Когда Уоллес начал спускаться с борта «Хелен», силы оставили его, и он рухнул в наполовину затопленную шлюпку, ободрав веревкой ладони. Соленая вода, которую ему пришлось вычерпывать, жгла ему руки.
Почти все обезьяны и попугаи задохнулись в дыму на палубе, лишь несколько уцелевших животных все еще жались к бушприту. Уоллес попытался заманить их в шлюпку, но тут бушприт тоже вспыхнул, и всех птиц, кроме одной, поглотило пламя. Последний уцелевший попугай свалился в океан, когда загорелась веревка, на которой он сидел.
Сидя в шлюпках, Уоллес с командой корабля смотрели, как пламя пожирает «Хелен». Суматоха, охватившая людей, пока они спасали свои жизни, сменилась монотонностью вычерпывания воды. То и дело морякам приходилось отталкивать пылающие обломки, когда те подплывали слишком близко. В конце концов, загорелись паруса, благодаря которым судно еще держалось на плаву, и «Хелен» опрокинулась и раскололась, являя собой «зрелище величественное и ужасное… когда корабль перевернулся верх дном, окруженный дымящейся массой груза».

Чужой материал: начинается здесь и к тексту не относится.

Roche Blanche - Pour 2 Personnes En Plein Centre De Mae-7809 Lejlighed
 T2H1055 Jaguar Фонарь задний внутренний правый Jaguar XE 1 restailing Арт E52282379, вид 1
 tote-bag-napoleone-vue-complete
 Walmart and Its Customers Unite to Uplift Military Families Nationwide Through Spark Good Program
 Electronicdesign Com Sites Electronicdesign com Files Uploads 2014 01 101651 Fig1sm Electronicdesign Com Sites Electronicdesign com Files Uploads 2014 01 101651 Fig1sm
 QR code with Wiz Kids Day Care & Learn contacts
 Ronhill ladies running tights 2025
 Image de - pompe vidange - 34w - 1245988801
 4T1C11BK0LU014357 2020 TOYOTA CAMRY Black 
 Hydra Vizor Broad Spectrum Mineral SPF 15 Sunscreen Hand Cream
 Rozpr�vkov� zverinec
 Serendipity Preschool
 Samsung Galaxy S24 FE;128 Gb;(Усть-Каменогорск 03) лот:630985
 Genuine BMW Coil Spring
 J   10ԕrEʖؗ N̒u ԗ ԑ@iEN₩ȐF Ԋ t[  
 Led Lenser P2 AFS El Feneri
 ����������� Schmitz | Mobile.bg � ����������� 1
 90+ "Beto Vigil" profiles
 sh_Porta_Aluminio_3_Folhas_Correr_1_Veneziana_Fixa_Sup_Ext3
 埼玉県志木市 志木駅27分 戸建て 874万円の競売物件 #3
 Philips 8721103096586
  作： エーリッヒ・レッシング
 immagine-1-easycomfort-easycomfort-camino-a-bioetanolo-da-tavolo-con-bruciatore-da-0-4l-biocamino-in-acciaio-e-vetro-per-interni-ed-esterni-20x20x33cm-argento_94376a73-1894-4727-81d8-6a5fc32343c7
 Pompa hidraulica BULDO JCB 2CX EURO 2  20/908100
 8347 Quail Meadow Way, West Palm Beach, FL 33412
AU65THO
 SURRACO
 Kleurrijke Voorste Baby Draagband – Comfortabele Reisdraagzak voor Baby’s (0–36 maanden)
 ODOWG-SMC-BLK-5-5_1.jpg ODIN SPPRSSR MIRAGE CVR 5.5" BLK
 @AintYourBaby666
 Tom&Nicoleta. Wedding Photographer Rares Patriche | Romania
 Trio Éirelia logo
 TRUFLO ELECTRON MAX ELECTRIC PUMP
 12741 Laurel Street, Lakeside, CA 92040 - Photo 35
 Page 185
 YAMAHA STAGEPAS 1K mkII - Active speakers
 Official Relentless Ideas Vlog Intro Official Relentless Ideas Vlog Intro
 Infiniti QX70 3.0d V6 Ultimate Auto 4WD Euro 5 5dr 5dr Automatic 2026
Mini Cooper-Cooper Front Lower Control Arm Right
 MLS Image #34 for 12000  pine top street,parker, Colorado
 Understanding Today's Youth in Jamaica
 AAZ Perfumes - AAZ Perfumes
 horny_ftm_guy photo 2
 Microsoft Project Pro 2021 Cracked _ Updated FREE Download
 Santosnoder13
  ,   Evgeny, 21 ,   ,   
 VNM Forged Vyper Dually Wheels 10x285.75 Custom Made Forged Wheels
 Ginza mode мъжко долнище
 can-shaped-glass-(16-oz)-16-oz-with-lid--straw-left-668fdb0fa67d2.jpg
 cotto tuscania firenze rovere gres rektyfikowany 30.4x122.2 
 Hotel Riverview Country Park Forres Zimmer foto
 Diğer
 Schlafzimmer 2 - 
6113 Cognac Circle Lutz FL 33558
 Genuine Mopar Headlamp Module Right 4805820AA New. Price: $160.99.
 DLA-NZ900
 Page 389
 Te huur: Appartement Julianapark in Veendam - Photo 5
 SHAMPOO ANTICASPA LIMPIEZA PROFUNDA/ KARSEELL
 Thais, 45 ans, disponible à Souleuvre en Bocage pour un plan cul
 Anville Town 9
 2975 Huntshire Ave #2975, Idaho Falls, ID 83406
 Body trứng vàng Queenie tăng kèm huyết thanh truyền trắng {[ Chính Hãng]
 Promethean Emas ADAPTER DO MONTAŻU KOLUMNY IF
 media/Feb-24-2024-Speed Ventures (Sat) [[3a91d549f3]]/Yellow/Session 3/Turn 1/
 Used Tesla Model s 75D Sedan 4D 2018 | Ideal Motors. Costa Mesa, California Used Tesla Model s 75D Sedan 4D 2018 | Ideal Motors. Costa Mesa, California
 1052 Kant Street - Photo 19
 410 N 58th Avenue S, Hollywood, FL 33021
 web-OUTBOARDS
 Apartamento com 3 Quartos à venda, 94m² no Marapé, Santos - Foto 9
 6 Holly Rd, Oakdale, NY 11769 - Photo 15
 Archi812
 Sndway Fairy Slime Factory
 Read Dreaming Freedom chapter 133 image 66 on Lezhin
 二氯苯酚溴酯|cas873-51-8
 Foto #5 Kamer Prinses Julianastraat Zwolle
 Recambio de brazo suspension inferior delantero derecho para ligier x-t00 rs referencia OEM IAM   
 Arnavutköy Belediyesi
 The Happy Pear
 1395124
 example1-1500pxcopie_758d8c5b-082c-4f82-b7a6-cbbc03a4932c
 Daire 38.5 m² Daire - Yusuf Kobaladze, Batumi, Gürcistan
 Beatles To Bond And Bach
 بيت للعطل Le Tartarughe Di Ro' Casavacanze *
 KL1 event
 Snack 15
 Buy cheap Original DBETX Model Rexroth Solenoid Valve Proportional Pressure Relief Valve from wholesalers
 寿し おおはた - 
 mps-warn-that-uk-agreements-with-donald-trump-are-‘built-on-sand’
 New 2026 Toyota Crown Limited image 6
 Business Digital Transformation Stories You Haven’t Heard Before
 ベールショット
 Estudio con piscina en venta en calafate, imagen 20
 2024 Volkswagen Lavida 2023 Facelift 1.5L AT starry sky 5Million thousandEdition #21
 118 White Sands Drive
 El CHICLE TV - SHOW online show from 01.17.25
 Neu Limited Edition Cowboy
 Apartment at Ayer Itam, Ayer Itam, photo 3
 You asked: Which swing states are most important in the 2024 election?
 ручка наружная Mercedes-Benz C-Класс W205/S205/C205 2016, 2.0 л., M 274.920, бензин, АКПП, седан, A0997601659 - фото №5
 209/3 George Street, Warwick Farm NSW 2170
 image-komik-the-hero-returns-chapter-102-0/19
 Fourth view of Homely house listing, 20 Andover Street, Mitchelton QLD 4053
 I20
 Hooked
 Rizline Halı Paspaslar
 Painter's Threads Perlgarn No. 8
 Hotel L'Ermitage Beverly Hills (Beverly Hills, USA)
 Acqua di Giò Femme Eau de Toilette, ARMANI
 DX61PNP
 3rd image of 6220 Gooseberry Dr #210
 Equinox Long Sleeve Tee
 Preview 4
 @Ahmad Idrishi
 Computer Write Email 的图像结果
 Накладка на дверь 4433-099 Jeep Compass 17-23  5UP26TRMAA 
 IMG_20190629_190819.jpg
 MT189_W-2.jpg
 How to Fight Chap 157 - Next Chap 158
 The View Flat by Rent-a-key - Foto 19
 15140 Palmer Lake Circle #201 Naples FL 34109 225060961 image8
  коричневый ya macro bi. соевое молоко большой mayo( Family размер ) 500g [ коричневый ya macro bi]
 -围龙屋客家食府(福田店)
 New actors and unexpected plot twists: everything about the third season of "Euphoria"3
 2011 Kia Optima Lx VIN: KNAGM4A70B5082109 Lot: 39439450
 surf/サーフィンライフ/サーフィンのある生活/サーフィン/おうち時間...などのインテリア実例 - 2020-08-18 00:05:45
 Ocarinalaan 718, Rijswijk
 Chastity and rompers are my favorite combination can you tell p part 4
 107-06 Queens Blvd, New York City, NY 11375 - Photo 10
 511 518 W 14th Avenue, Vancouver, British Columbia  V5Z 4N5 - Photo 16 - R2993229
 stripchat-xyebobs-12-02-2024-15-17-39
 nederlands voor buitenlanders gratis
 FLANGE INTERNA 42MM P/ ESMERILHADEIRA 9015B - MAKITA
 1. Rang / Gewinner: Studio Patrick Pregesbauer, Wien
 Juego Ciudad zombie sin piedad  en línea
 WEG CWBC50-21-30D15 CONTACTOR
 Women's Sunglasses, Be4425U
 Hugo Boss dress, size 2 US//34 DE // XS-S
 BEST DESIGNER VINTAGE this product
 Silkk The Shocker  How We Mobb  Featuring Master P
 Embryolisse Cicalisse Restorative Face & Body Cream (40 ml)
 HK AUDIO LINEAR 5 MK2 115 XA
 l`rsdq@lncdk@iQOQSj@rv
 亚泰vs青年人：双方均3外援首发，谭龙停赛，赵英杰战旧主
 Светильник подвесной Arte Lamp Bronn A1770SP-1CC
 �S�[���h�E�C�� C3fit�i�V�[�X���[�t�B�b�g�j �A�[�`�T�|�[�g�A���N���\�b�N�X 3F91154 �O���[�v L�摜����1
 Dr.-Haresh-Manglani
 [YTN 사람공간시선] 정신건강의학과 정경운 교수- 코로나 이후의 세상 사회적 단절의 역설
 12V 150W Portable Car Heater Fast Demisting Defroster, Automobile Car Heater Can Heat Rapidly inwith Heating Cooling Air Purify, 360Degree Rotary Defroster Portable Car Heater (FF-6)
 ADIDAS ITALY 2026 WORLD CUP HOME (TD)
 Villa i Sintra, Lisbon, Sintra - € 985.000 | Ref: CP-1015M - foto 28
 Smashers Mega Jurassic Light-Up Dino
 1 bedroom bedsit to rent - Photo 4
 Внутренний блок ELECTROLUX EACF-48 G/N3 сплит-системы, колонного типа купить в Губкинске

Люди надеялись, что с закатом придет спасение. Шлюпки оставались рядом с судном, стараясь, чтобы на них не перекинулся огонь, до тех пор, пока пламя отбрасывало отблески, в надежде, что какой-нибудь проходящий мимо корабль заметит их и остановится подобрать. Каждый раз, закрывая глаза, чтобы провалиться в дрему, Уоллес резко пробуждался под красными бликами догорающей «Хелен», напрасно оглядываясь в поисках спасения.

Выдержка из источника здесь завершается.